Alan had been insisting that we needed a narrower tree this year. He has a point. At various times over the holiday season, we have a number of visitors and the tree is in danger of being knocked over in the rush. But the one he confessed he would have brought home himself looked as if it had been put through a shredder. I told him that if he had come home with it, I would have cried. What we eventually bought is something called a Lodge Pole Pine - an elegant, umbrella shaped tree. I confess to a few misgivings of the ecological variety, but then I'm aware that even these trees need to be thinned out! It is a truly beautiful Christmas tree and now that it is trimmed, I'm even happier. Oh and it smells lovely too.

Friday, December 11, 2009

Laundering your linens for Christmas

- or - perhaps more to the point -laundering your linens after Christmas, when somebody has spilled a glass or a bottle of red wine, or when your lovely damask tablecloth is a warzone of turkey fat, squashed sprouts and Christmas pudding stains.
Actually, the old linen damask cloths can be very forgiving, as I've found over the years. It's possible to persuade even fifty year old stains to fade. I favour a UK product called Vanish. For most immediate marks, you can simply add some to your wash, and launder in the usual way - though for linens, I've also found that a hot, but not boiling, cotton wash is best. A boil wash is supposedly possible, but I've always found it a bit too harsh and it will result in creases that are very hard to get out.
There are other versions of the same product on the market which will allow you to target localised stains - you spray on, and then leave for a little while before washing. For the worst cases, I soak in a solution of the same product, and change the water occasionally, before washing in the machine in the usual way. The trick is to make sure that the tablecloths are well rinsed - which a machine will probably take care of for you! And handle them very carefully when they are wet.
I don't starch the cloths for storage - the starch goes a bit sour, and doesn't seem to do the cloths a lot of good - but for special occasions, I will use a spray starch as I'm ironing.
Frost is good for whitening these old linens, as is sunshine. Outdoor air - if you can peg them outside in the old fashioned way - will freshen them. And I'm told that, in big houses, the damask banqueting cloths were stored wound around broom handles, so that they wouldn't be creased.
Anything more delicate - of course - has to be handled with extreme care. When in doubt, please do ask the experts. If you decide that you must launder old lacy cloths (and the dust and dirt can be very damaging) then please don't wring them, or use chemicals. Use a dedicated soap solution of some sort, and rinse them with warm water from a shower head. Gently, gently. Dry flat between soft towels, press (gently again!) on the wrong side, preferably with some kind of cotton cloth on top - and store away from sunlight in acid free tissue paper. I wash almost everything, because I have a great many textiles through my hands, and many of them are, literally, filthy with age and dust. But I have had one or two disasters. Very few though. Handle everything with care, think before you act, remember that old dyes are probably not colourfast and will most likely run - and watch out for candlewax! You can press most of it off with a hot iron, with blotting paper underneath, but it will still leave marks. Best to sit your candles on a Christmas plate or tray of some sort!

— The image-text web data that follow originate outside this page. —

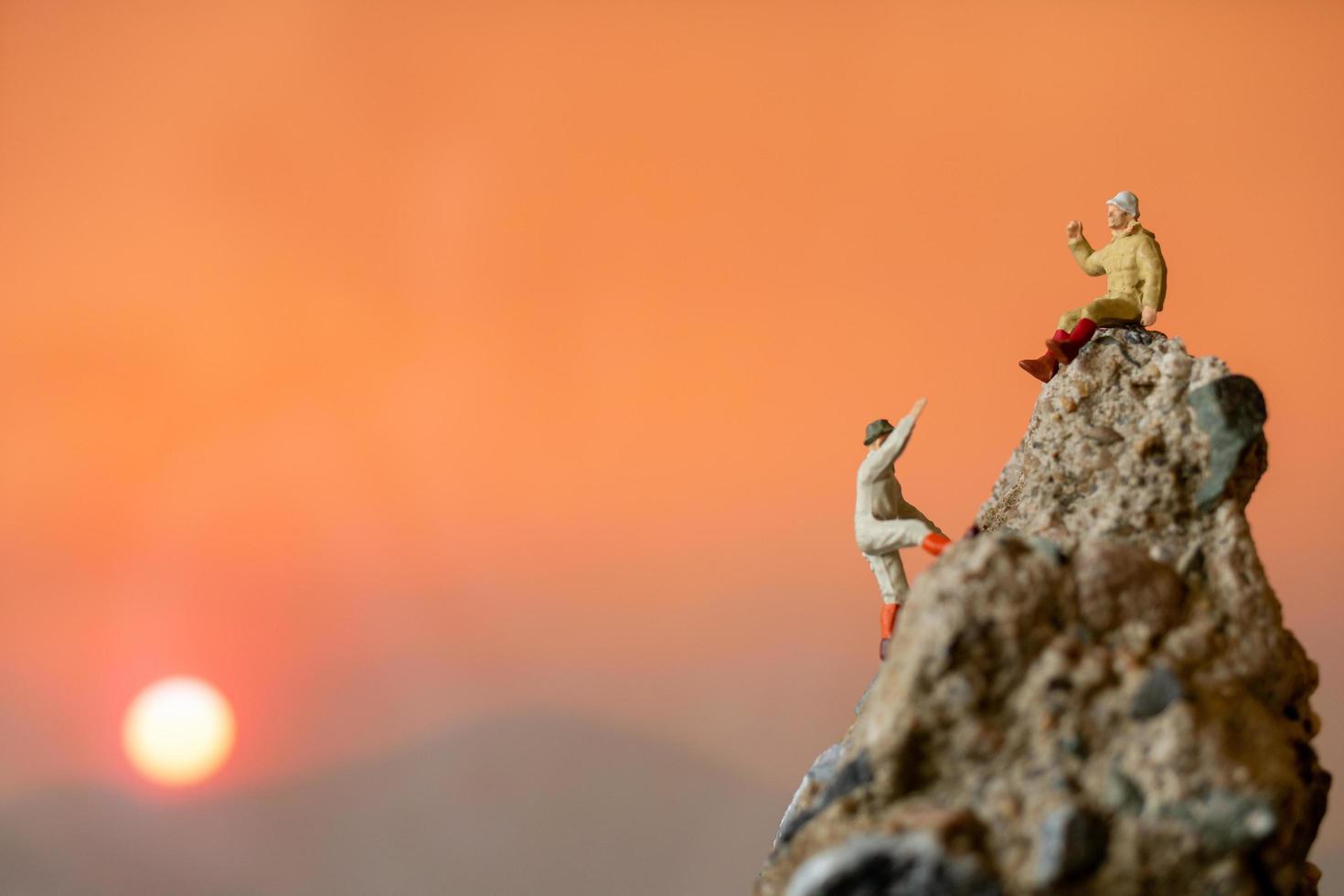 Excursionistas en miniatura subiendo a una roca, concepto deportivo y de ocio foto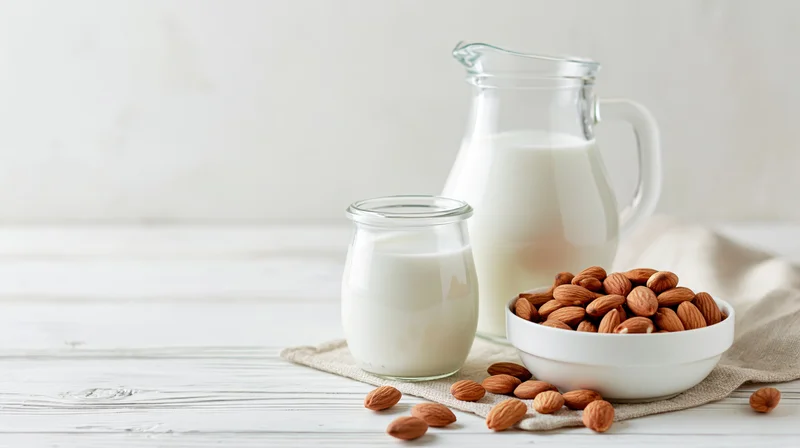 Almond milk in glass pitcher and jar beside bowl of almonds on white wooden table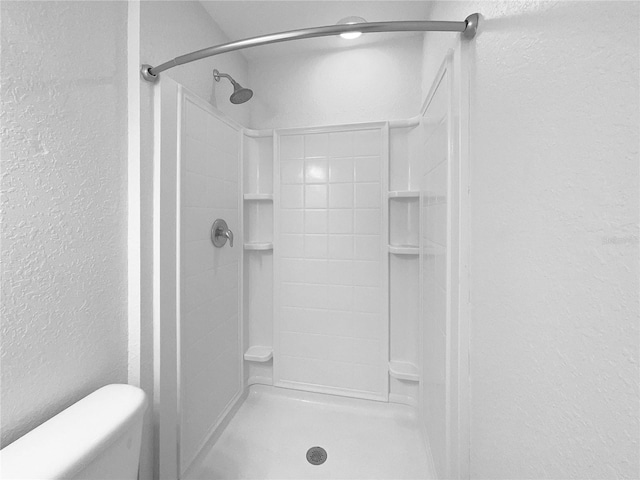 bathroom featuring walk in shower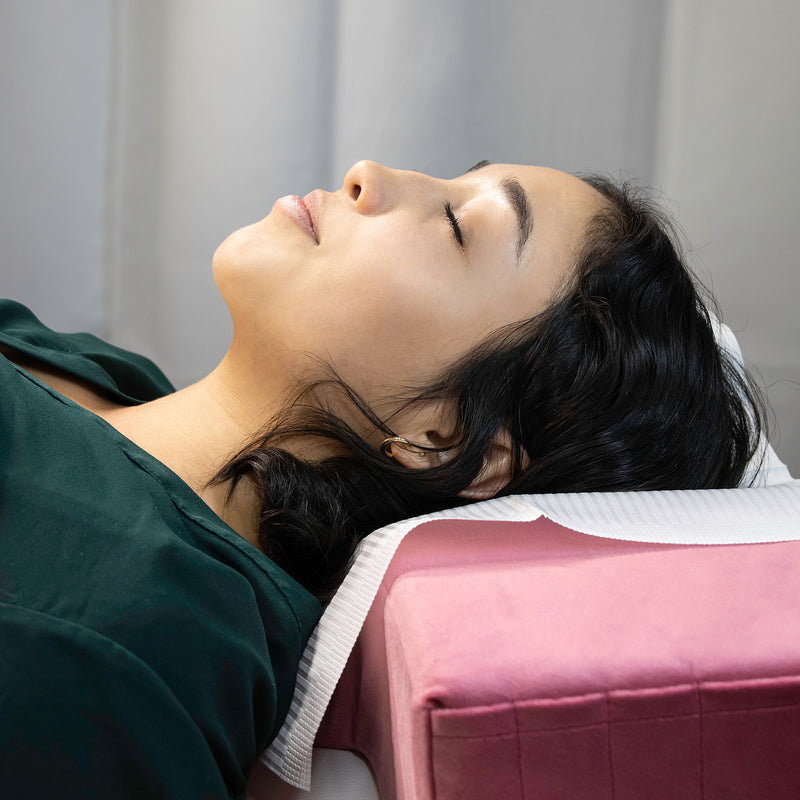 Client laying on the Pink Memory Foam Pillow.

Saturday, December 05, 2009

New Christmas Picture - Glasgow in the Forties.


Our Christmas Card for this year is called 'Hope' - and it's a scene from Glasgow, in the immediate post war period. I love the picture - the original is in acrylics, on canvas board - and think that this new, complex, vibrant and yet intimate style is Alan's best yet. There's nothing sentimental about this, and yet it is at once nostalgic, heart warming and moving.

Monday, November 09, 2009

A Gorgeous Madeira Tablecloth


This is one of the nicest old Madeira tablecloths I have ever seen - and certainly one of the largest. It has scalloped edges, and the most fabulous Madeira needlework and embroidery all over - including these amazingly detailed 'cornucopia' panels in all four corners, and lots of dense floral cutwork, as well as many 'bridges'. It must have taken weeks, if not months, to complete. There is also the most beautiful colour variation in the embroidery, random, but obviously intentional, from brown to cream. The work is almost as beautiful on the reverse as it is on the top side. Although it is very old - it came in an auction lot of extremely good (and expensive!) antique linens, which had obviously come from a special collection - it is in superb condition. It was, I think, professionally laundered, many many years ago, and then put away as the precious item it undoubtedly was and still is. Sometimes a piece of linen comes along that has been so beautifully laundered, that you can't bear to wash it again, even though you suspect it might be a bit dusty. It's almost impossible to get this kind of finish with domestic equipment! Given its age, it actually smells quite fresh. Can't imagine anyone serving food on this, though! But what a statement it would make, on a large dining table.

Monday, October 26, 2009

A Pipe, A Dream and an Ice Cream






























Just added another gorgeous new picture by Alan to our online gallery - A Pipe, A Dream and an Ice Cream. I'm particularly fond of this one and wouldn't mind living with it forever, but on the other hand, I rather hope it sells instantly - we could do with the money! I've added a detail since the 'dream' in the photograph isn't too clear - the little boy is actually looking at a distant yacht, sailing on the horizon. Don't know quite why I like this one so much - perhaps because it's such a lovely illustration of that magical relationship between grandparents and a grandchild, perhaps because the people are so pleasantly plump. And perhaps because the sea is so evocative of those occasional West of Scotland days when things are calm and dreamy and the light is so beautiful. Whatever the reason, I think this is one of Alan's nicest pictures so far.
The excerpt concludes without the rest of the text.